M09 #31

Actual Distance = Velocity x 1 second

(1) \(D = \frac{5^2}{100} + 9 \hspace{10} \Rightarrow Distance_{safe} \hspace{5} = \hspace{5} 9.25 \hspace{5} > \hspace{5} Distance_{actual} \hspace{3}(5 m)\) BREACH

(2) \(D = \frac{10^2}{100} + 9 \hspace{10} \Rightarrow Distance_{safe} \hspace{5} = \hspace{5} 10 \hspace{5} = \hspace{5} Distance_{actual} \hspace{3}(10 m)\) On Par, FINE

(3) \(D = \frac{25^2}{100} + 9 \hspace{10} \Rightarrow Distance_{safe} \hspace{5} = \hspace{5} 15.25 \hspace{5} < \hspace{5} Distance_{actual} \hspace{3}(25 m)\) FINE

(4) \(D = \frac{50^2}{100} + 9 \hspace{10} \Rightarrow Distance_{safe} \hspace{5} = \hspace{5} 34 \hspace{5} < \hspace{5} Distance_{actual} \hspace{3}(34 m)\) FINE

(5) \(D = \frac{90^2}{100} + 9 \hspace{10} \Rightarrow Distance_{safe} \hspace{5} = \hspace{5} 90 \hspace{5} = \hspace{5} Distance_{actual} \hspace{3}(90 m)\) On Par, FINE


Clearly, first choice of 5 m/s speed violates the regulation because distance maintained (5 m) is less than what the rule suggests.

Answer A.

I think you got confused which distance should be greater than the other.
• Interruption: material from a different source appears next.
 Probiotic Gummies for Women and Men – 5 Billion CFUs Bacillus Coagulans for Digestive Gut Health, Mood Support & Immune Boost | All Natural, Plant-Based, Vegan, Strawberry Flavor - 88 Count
I understand that plugging values is a better way but this is how i did it....

"If two cars want to maintain a time interval of 1 second between each other"
think of it this way => distant is given interms of time (1 sec)..ie ...'D' meters / 1 sec (or D m/s) hence velocity to be maintained = distance => substitute D=V or V=D in above equation => we get V^2 - 100V + 900 < 0 ( < sign indicates required condition ..ie..Speed which will not breach the safety barrier ) => on solving this we get (V-90) (V-10) < 0 => thus it is clear that any speed between 10 m/s to 90 m/s is OK but nothing out of this range....Hence answer is 5 m/s

If you like my post...consider it for Kudos...

Great explanation! Thank you!

Yeah punching the numbers in for the velocity .This explation makes it very clear for option A to be correct.

I am getting confused with the equation

on LHS we have a variable (D) whose unit is m whereas on RHS we have (v^2) which is (m/s)^2... so how is the equation valid??
Please explain

One more Quick way to do.
Looking at the equation...I choose the most easy value for plugging in..i.e., 10 m/s .

D = 100/100 + 9 = 10, which exactly meeting the norms (Option B).

Now, the fun part is you have
3 options (C,D,E) > just Ok value (10)
1 option (B) < just ok value (10).

I didn't use my brain much analyzing which is exceeding or less than norms...
All I know is there should be ONE & ONLY answer...hence option "A".


Gimme a kudo if you like this

I did using the bhushan252 way.......but got confused in the end.....niw i understand it.......A

A

Not sure if I did this right but here goes:

V= d/t therefore V = d/1 therefore V=D
D = (D^2/100) + 9
100D = D^2 + 900
D^2 -100D + 900
D = 10 or 90
Therefore, to meet the specifications of the formula the answer must be between 10 and 90 so the answer must be A.

I have no idea if I did it right, but I did get the right answer!

Here is how I solved it:

T = D/R; (v^2+900)/100r = 1. v = 90, v = 10. Since the distance should be less, "A" must be correct.

Hope somebody gets this strange approach.

Nice explanation. Got confused too.

tough one to understand...

for safe distance -

D >= V^2/100 + 9



D = V*T = V (T=1, given)

D >= D^2/100 + 9

D^2 -100D +9 =< 0

(D-10)(D-90) =< 0

10 =< D =< 90
10 =< V =< 90 (V=D)
anything, out of this range would violate the speed

only option A violates the speed limit

The biggest issue is the awkward wording of the question. It would be better if it was clarified that breach meant go in excess of as opposed to break. Since you can in theory breach it by going to close or too far. Since Only B and E work out to be exact it should be reworded as such that going over the amount is clear that its incorrect.